We awoke this morning to the (ABC) news that 100 people are missing, only later to find out that they are people unaccounted for rather than presumed dead. The local ABC has been heroic in its role as the emergency radio station, though one senses overkill with the same messages repeated time and time again and the seeming inability of some announcers to minimise their contribution.
Its largely young contingent of reporters have had a true baptism of fire. They have outshone their print media counterparts. However, the shock horror story of 100 people missing was unduly alarmist and takes one back to the 1967 bushfires here when a Scottish newspaper reported the whole island had been evacuated by submarine. On the other hand, the ABC offers you footage of a little girl going up to a road block with icy poles to help the firefighters cool down. Her mother does all the talking. Please, is that really news?
Tasmania usually makes the national headlines these days from the antics of people who want to save trees. They become invisible when the people who really try to save trees, volunteer firefighters, are out there risking their lives to try to subdue bushfires.
Tasmania has a massive potential disaster on its hands because of forest reserves that are not allowed to be managed for such things as bushfires, pests and weeds. If you cannot construct firebreaks and remove flammable material in the understorey, there is an inferno waiting to happen.
Meanwhile, Premier Lara Giddings flies back into the state today from London, having missed most of the action.
*Bruce Montgomery is a former journalist with The Australian and a former communications manager with the Tasmanian Forests and Forest Industry Council
It is pretty obvious the author of the above piece of nonsense has never got closer than a phone to a bush fire let alone learnt how to use a fire rake.
His underlyig logic is, nothing should be built or preserved that might be flammable.
You can do much better than create work for the redundand Murdochracy, Crikey.
Their previous work has not showered accolades on the profession.
‘antics’? ‘people who REALLY try to save trees’? There’s so much bias in this purported piece of journalism there’s not a bulldozer big enough to push it out of the way.
I certainly don’t subscribe to Crikey for this kind of lazy work – give the guy an opinion piece if it’s worth pushing this viewpoint, but I’m troubled that on one of the few quality news outlets we have in Australia that something presented as a news story has this kind of persuasive language beaded through it.
I am yet to read a single piece of any worth whatsoever written by Montgomery, but this is even worse than his usual fare, bringing downright offensive factual inaccuracies and insults into the usual bad writing and poor research. The Greens have long supported fuel reduction burns, including in national parks – as reconfirmed by state Greens leader Nick McKim in a release just this morning, which Montgomery has either conveniently ignored or been too lazy to check.

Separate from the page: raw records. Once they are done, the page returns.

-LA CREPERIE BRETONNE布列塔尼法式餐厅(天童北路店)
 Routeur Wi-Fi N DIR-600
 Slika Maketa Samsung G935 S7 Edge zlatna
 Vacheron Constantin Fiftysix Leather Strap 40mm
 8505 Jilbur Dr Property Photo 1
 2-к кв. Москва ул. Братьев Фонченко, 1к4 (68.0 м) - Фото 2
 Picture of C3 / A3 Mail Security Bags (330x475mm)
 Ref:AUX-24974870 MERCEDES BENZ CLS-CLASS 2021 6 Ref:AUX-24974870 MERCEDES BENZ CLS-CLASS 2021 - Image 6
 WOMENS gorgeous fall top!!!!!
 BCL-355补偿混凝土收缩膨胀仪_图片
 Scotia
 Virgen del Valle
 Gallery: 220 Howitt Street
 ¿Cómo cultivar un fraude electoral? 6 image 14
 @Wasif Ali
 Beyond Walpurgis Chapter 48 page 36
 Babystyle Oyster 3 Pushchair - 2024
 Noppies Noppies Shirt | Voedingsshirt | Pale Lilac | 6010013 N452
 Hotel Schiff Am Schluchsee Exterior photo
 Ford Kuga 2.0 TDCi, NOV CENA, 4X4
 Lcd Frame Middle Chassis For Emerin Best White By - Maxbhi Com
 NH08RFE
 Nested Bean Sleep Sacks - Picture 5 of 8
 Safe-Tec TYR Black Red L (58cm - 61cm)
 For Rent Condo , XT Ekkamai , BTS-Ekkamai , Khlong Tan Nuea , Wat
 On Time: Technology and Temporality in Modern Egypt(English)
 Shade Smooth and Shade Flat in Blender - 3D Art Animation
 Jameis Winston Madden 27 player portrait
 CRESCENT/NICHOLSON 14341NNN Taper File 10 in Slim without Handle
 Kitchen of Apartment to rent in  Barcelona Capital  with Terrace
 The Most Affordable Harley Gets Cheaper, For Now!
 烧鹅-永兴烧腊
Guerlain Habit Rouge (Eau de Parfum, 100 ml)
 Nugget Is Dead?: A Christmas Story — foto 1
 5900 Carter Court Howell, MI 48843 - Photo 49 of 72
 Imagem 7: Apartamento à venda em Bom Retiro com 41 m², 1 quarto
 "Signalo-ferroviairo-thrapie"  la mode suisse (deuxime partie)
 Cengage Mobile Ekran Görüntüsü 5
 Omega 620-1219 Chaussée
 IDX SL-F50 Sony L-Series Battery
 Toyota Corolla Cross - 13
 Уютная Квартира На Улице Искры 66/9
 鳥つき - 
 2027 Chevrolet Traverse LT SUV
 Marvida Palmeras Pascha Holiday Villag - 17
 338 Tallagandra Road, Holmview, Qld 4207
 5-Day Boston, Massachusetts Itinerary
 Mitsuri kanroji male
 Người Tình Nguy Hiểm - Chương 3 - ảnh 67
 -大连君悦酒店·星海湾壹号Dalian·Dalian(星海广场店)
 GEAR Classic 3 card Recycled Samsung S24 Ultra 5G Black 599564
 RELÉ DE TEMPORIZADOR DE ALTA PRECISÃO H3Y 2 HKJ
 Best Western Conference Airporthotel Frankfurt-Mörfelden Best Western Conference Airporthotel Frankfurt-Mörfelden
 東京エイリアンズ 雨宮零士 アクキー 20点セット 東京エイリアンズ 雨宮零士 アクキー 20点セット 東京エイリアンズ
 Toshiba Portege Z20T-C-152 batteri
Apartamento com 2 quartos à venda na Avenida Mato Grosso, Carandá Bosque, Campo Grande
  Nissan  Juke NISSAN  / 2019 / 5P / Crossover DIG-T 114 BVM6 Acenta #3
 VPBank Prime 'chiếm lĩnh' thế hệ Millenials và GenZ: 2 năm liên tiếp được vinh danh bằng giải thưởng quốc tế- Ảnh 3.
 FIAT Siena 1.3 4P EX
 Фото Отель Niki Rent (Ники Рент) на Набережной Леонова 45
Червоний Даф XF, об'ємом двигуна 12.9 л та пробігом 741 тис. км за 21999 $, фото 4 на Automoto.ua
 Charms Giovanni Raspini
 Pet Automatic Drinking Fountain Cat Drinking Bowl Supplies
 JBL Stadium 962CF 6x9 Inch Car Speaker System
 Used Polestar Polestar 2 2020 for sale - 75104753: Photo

Surely if this is the best Tasmanian “journalism” Crikey can find they would be better off only covering the north island of Australia.
I’m glad Crikey is covering the tragic Tassie fires, but given that Montgomery’s piece is your first foray into it, it is critical for credibility that you immediately append a correction.
The sentence on protesters not helping out is incorrect and offensive, but I’m not going to go to the bother of getting you names and numbers of people who are doing so. More importantly, however, is this absolute howler:
“Tasmania has a massive potential disaster on its hands because of forest reserves that are not allowed to be managed for such things as bushfires, pests and weeds. If you cannot construct firebreaks and remove flammable material in the understorey, there is an inferno waiting to happen.”
Tasmania does not have any “forest reserves that are not allowed to be managed for such things as bushfires, pests and weeds.” Tasmania’s reserves are managed by either Forestry Tasmania or Parks and Wildlife, depending on the reserve. Both types are managed for fire, pests and weeds. Certainly they need more resources to be better managed, and the Greens, including Christine Milne and Nick McKim, have been at the forefront of calling for increased funding. In fact, Nick achieved a $16 million boost to funding in the first budget of this power-sharing term, I understand.
Montgomery is welcome to his opinion, but Crikey should not allow him to be welcome to his own facts.
Is this journalism? He heard there is a bushfire so he took the opportunity to conflate it with reactionary, outdated opinion about forest management. Lets have some articles about bushfires, biodiversity, natural ecosystems, global warming, but not puff pieces for ex-forestry industry apparatchiks. Thank you though for the disclaimer.